He was appointed to the position of Director of the Northeastern
Forest Experiment Station in December 1992. As Director of the
Northeastern Station, Lewis managed Forest Service research in
the 13-State northeastern area, with projects that concentrated
on global change, forest inventory and health monitoring, wildlife
and endangered species, human values, biotechnology and forest
pest management, forest products and harvesting, silviculture
and ecosystem management, and watershed management. In April 1997,
Lewis was named Deputy Chief for Research in the Washington Office.
Lewis earned a B.S. in Biology at Jackson State University, Jackson,
Mississippi, and a Ph.D. in Plant Pathology at Texas A&M University.

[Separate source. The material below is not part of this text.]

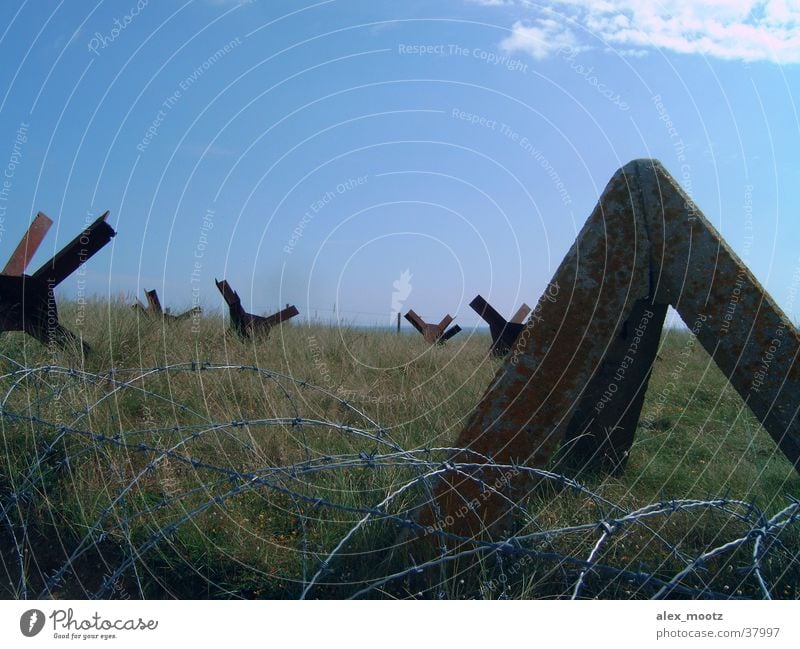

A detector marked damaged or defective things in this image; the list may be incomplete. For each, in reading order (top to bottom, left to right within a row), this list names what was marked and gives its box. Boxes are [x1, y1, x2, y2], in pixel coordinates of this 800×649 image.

He has served as a regional lecturer for Sigma Xi, the Scientific
Research Society of America, and an adjunct professor at Mississippi
State University. He has also received several awards for his
managerial and civil rights accomplishments. Dr. Lewis is credited
with developing a fundamental understanding of oak decline, a
serious problem from Alabama to Texas. In addition, he is known
for discovering that oak wilt was the primary cause of widespread
live oak mortality in Texas.
Dr. Lewis' philosophy can be summed up from what he once said
about his work in the Forest Service, "Developing as a research
scientist and gaining the recognition and respect from peers across
the Nation, and even in other countries, brought a good feeling
of accomplishment. But, even more gratifying to me was the feeling
that what I did as a scientist really made a difference in our
society and to the people who depended on me to help solve their
problems through research."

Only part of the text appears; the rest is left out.